GMO stands for God Move Over?

Scanning the web for slogans and catchphrases that slur biotech crops rouses the usual suspects: “frankenfoods,” “our kids are not lab rats” and “GMOs are not food.” Sometimes slogans can be revealing of how anti-GMO activists really boil down an issue. Usually, the slogans are misleading or simply intended to scare. But this week, I uncovered an anti-GMO slogan that was unintentionally spot-on:

GMO stands for “God Move Over.”

The intention of the slogan is to push the idea that genetic engineers working in the lab to solve problems or improve foods are really just “playing God,” claiming powers beyond their proper station. We are supposed to believe, when hearing it, that mankind is arrogating itself to the role of creator, and this tampering with the natural order of things will most certainly end in disaster. More than just a slogan, it is an attack, aimed at your mind. It says not only should we leave nature alone, but that we should kneel low in fear of it.

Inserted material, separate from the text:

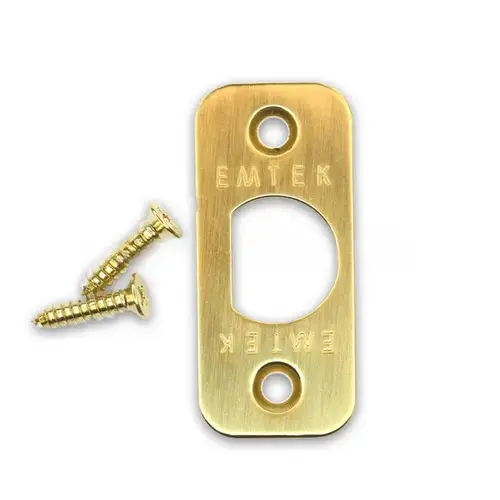 Radius Corner Faceplate and Screws for Passage or Privacy Latch Unlacquered Brass Finish Radius Corner Faceplate and Screws for Passage or Privacy Latch Unlacquered Brass Finish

But here’s the sense in which the slogan has a ring of truth: It is the exercise of reason, not blind cowering in the face of obstacles that enables us to advance. Mankind survives and prospers by reshaping nature for his own benefit, as evidenced by the vast improvements already made to the foods we eat today.

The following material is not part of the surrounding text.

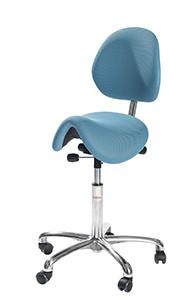 Siège professionnel - Dalton Euromatic - tissu 3D bleu clair - posture détendue et confort optimal_0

I stumbled upon the slogan on a Hawaiian organic food store website. The company’s logo is typical of advertisements for organic foods or non-GMO foods — it’s a drawing of an idyllic farm, with vegetables growing in perfect green rows and plump tomatoes and pears bursting from crates. Perhaps the company didn’t realize it, but everything about the logo positively screams “God Move Over!”

Consider Hawaii, where this organic food store is located. Over a thousand years ago, the first Polynesians arrived in Hawaii. What they found was not the Garden of Eden shown on the logo but jungles, thick with trees and bugs, that had to be “moved over” to make room to plant crops. There were no pears or tomatoes or clean rows of crops just waiting to be picked. Those had to be bred, imported, planted and tended. Farmers had to figure out ways to mitigate threats to their crops from insects and weeds. Pesticides had to be invented and new farming methods conceived and perfected, if the people were to thrive.

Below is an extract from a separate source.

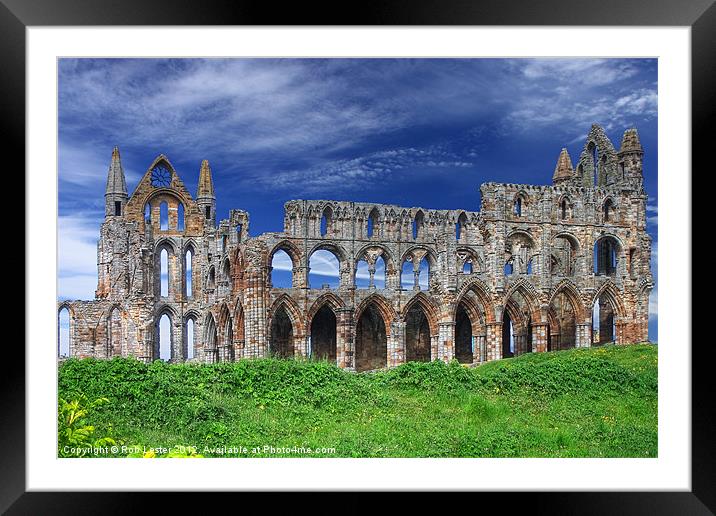 Whitby Abbey, Yorkshire. Framed Mounted Print by Rob Lester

Hawaii is also the place where a papaya virus struck in the 1990s, decimating papaya trees. Hawaiian scientists used the technology of genetic engineering to make a small but important change to the papaya’s genome. By adding a gene from the very virus that afflicts the fruit, they were able to “vaccinate” papayas against the disease. It was scientists’ answer to the fate nature had dealt the papaya tree.

What should we do when nature messes with our crops? Using science to make a virus “move over” sounds like a pretty good idea to me. In general, altering nature is exactly what is needed if we are to continue improving the foods we eat.

It’s no surprise that the anti-GMO movement wants to paint GMOs as mankind’s attempt to arrogantly “play God.” But this is a slogan we should throw back in their face. Those who venture into the unknown in pursuit of life-serving advancements are pushing aside and leaving behind the religious attitude of blind obedience and passive resignation. We should celebrate their active, searching minds, not sacrifice human health and happiness on the altar of pristine nature.

“God Move Over,” indeed.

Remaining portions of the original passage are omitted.